The other ES models have more subtle differences.
The ES-335 DOT has pearloid dot inlays with rolled binding on the neck, an ABR-1 with plated brass saddles, and black top hat knobs with silver reflectors. The DOT also has MHS II pickups and MTC Plus circuitry.
The ES-335 Satin has the same specs, but with a lovely satin finish.
Last, but not least, the ES-335 Studio differs in that its neck is a single-piece of maple and the pickups are 57 Classics.
The ES-339 is the smaller, lighter version of the 335. It features a very similar build, with 3-ply maple/poplar/maple, a quarter sawn mahogany rounded “C” neck, and MHS II humbuckers. The Modern series has an ES-339 Figured and an ES-339 Gloss.
The Figured showcases an AAA figured maple top, ABR-1 bridge with titanium saddles, and pearloid small block inlays on a dark rosewood fretboard.
The ES-339 Gloss has an ABR-1 bridge with plated brass saddles and pearloid dots on a rosewood fretboard.
The Original series specs are essentially the same as the Modern for these ES models, aside from different finishes offered.

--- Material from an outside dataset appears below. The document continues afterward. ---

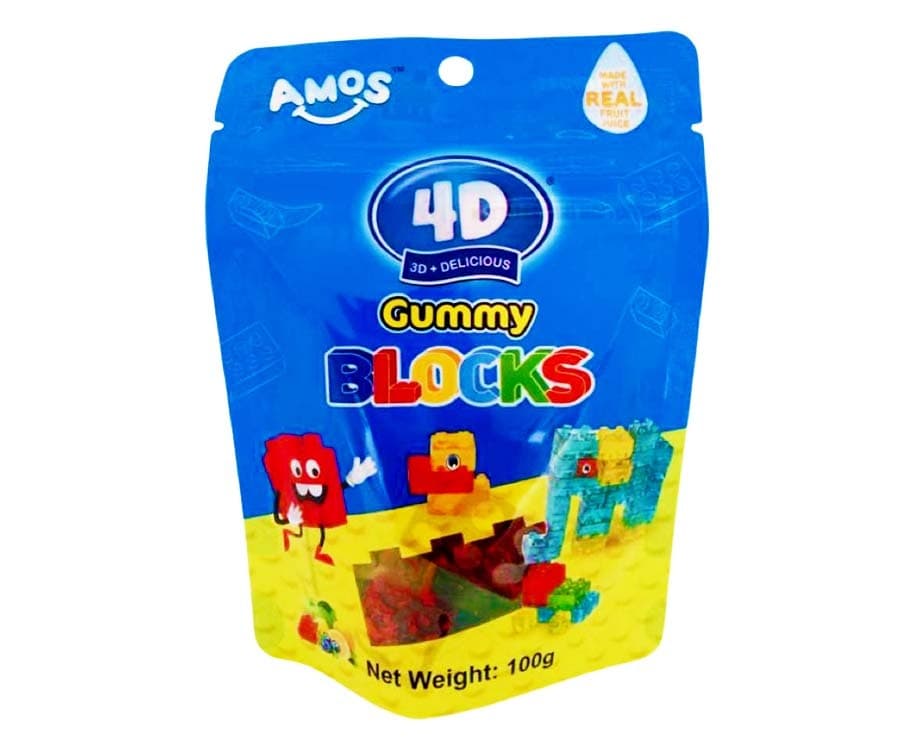Amos 4D Gummy Blocks 100g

However, the ES-335 Original series also includes an ES-335 DOT with P-90’s.
- ES-335 Figured
- ES-335 Dot
- ES-335 Dot P-90
The ES-335 Figured in the Modern series has the options of purple burst, blue burst, and glacier blue, while the Original series has sunset burst, dark natural, sixties cherry, and heritage cherry finishes. Similarly, the Modern ES-335 DOT has cherry burst, blues burst, and graphite metallic finishes, while the Original offers antique faded red and dark natural.
The Designer series are the innovative classics from Gibson. Known for their uniqueness, these models often speak for themselves. Gibson Designer guitars play as awesome as they look and fit those looking for a distinct style.
The Firebird, for example, is recognized for its reverse body style and matching headstock, and wears its symbol on its pickguard. Additionally, it holds the title of Gibson’s first neck through design. The newest iteration has a mahogany body and 9-ply mahogany/walnut neck, with slim taper. It’s also stocked with dual Firebird Mini Humbuckers.
The Flying V is another highly recognizable Gibson shape. Its V body is cut from mahogany and it’s got a slim taper neck with rosewood fingerboard. It’s complete with a special set of calibrated Burstbuckers, controlled with 2 volumes and 1 tone knob.
The Flying V B-2 is basically the same, with two Dirty Fingers + pickups and single volume/tone knobs.
The Explorer is the original guitar with an edge. With its large mahogany body and set mahogany neck, this axe has a lot of power—not to mention it’s really cool looking. This year’s Explorer also has a rosewood fretboard, aluminum Nashville tune-o-matic bridge with stop bar tailpiece, and Burstbucker pickups.
Like the Flying V B-2, the Explorer B-2 replaces those pickups with two Dirty Fingers + humbuckers.
So if you’re in the Market for a Gibson…
There’s plenty for you to sink your teeth into in 2019. With new and revamped designs, you’ll want to give at least a few of these guitars a try—whilst keeping an eye out for what’s to come.